Although I had played trombone since the fifth grade and was involved in numerous musical groups, it was not until my senior year of high school that I started to think of making music a career. Senior year created the atmosphere for making such decisions because college applications needed to be written which, of course, involved a bit of stock-taking. In taking stock, I realized that music had become my primary social activity and I enjoyed modest success as a player between taking first chair in every group that I played with and competing in solo competitions at the county and state festivals. Consequently, in the fall of 1971 as a senior in high school, I announced my intention to audition for entrance into the Indiana University School of Music in Bloomington, Indiana.
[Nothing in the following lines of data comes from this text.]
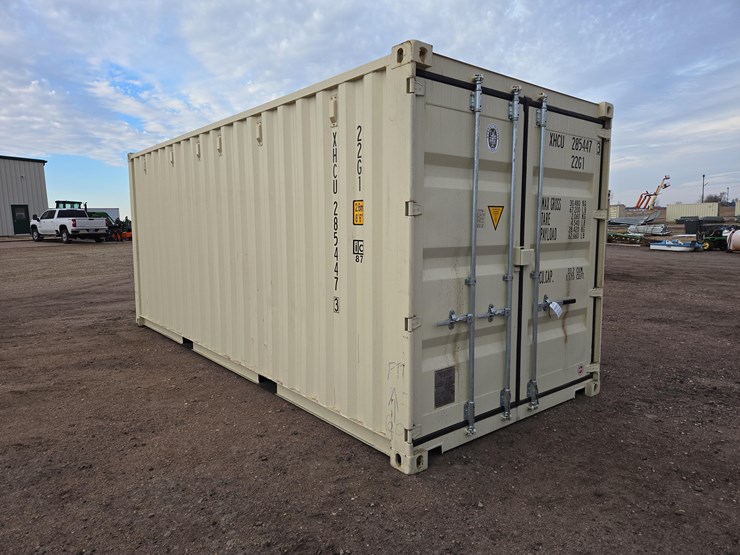 storage-container-image-4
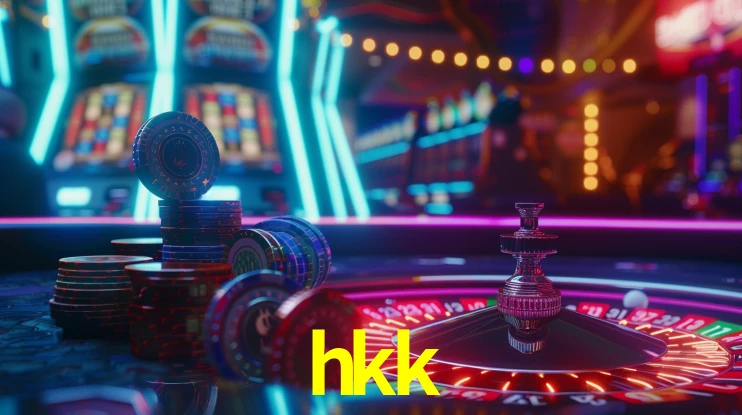 Quick Registration hkk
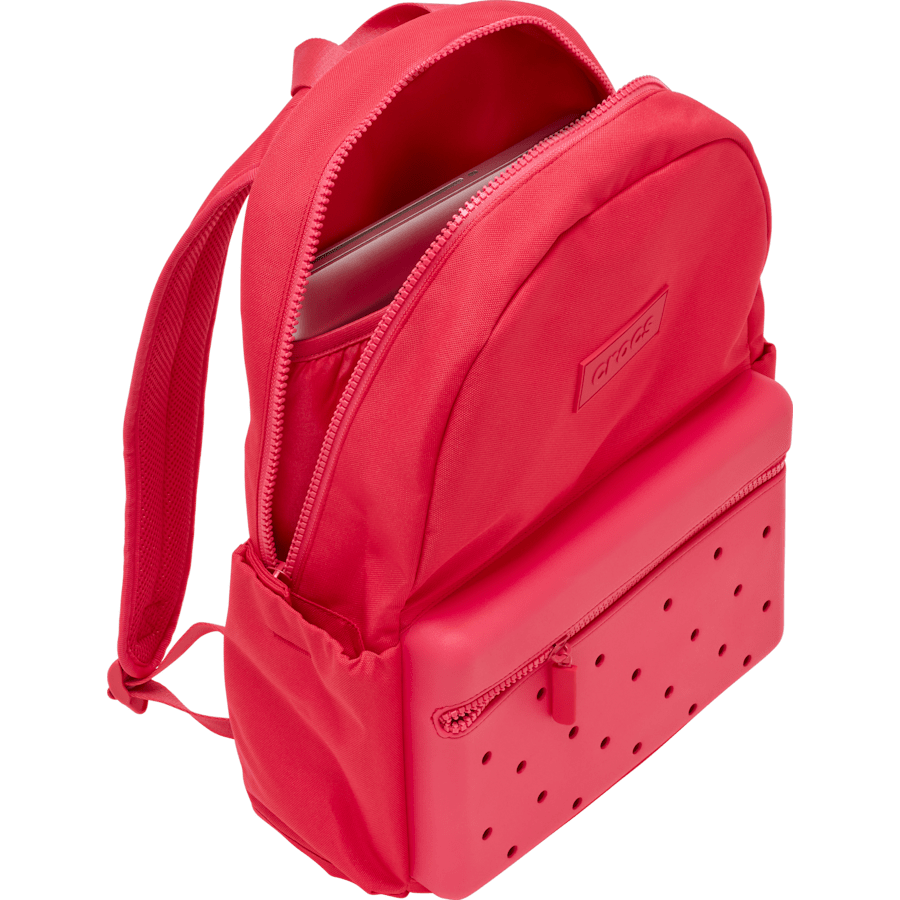 Crocs Nylon Backpack Women|Kids|Men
I am not sure that I understood at that point the seriousness of my decision to audition for music school, either in terms of the talent and commitment required. After all, most of my friends had no idea of what they would study in college and college seemed such a long ways off at that point. Picking a course of study in high school seemed to allow plenty of time to prepare and seemed much like picking out a new suit to see what looks good and what fits. But studying music was not like picking out a new suit, I learned, because my audition was only a matter of a couple months off and I was woefully unprepared, as my teacher worked hard to convince me.
The heart of my teacher’s concerns about my preparation originated with the simple problem that trombone playing was primarily a social activity for me, not a professional aspiration. Professional musicians practice many hours of day to reach a level of perfection seldom attained by amateurs. For me, moving from half an hour of practice to an hour a day of practice daily was a big move, but it was not indicative of a professional commitment.
By yearend 1971, I moved from an hour of practice daily to closer to two hours a day and my teacher had arranged for me to study with a colleague of his, a trombonist with the National Symphony Orchestra. My new teacher began by adjusting my embouchure to account for my over-bite and to move to playing with a wider range in the upper register. This new embouchure required new muscles in my mouth to be used and the old muscles to be used differently, which initially reduced my performance range. Of course, I was excited about my new teacher and all these changes, but I was also a bit overwhelmed—I was practicing more, getting prepared for my audition, and overwhelmed by the whole prospect of visiting Indiana University in February.
Overwhelmed was also my Dad who did not know what to make of my new interest in music, even though he supported my efforts both to prepare for my audition and travel to Indiana. Music was a great hobby, he said, but my modest talent did not seem adequate to support a viable career in his view; still, he was prepared to accept the judgment of the music department auditioning me. Consequently, he asked that I give the audition my best shot, but accept the outcome of the audition—if I passed, then I could study music, but, if I failed, he asked that I focus my studies elsewhere. My Dad’s advice about the audition seemed sound enough and I promised to accept it.
When the time came to audition, I traveled to Bloomington, Indiana on a Friday alone and stayed the night in one of the dormitory. A music student that I met the previous summer at a church retreat lived in that dorm and she met me for dinner in the cafeteria and introduced me to a few people. Tired from the trip, I took a shower and went to bed early.
On Saturday morning, I walked over to the music building arriving early to warm up. The building was full of practice rooms and prospective students were directed to an empty room to warm up. After warming up, I found myself waiting for what seemed like an eternity with students coming and going everywhere—horns blowing, stings playing, flutes piping—auditions ran late. When my turn to play arrived, I was all jazzed up, overstimulated, so anxious beyond words that I was unable to play even a Bb scale. I gave the judges no excuse to pass me; the audition was a nonstarter, dismal failure.
In the fall of 1972 I began attending Indiana University without a clear major. My failed audition so shamed me that I was unable to continue playing trombone or to enjoy listening to classical musical until after I got married and moved to Centreville, Virginia, more than a decade later. With the formation of a new church plant in Centreville in 1987, I joined the church choir and, with a new job and our first child on the way, in 1989 I bought a studio upright, Young Chang piano and learned to play hymns.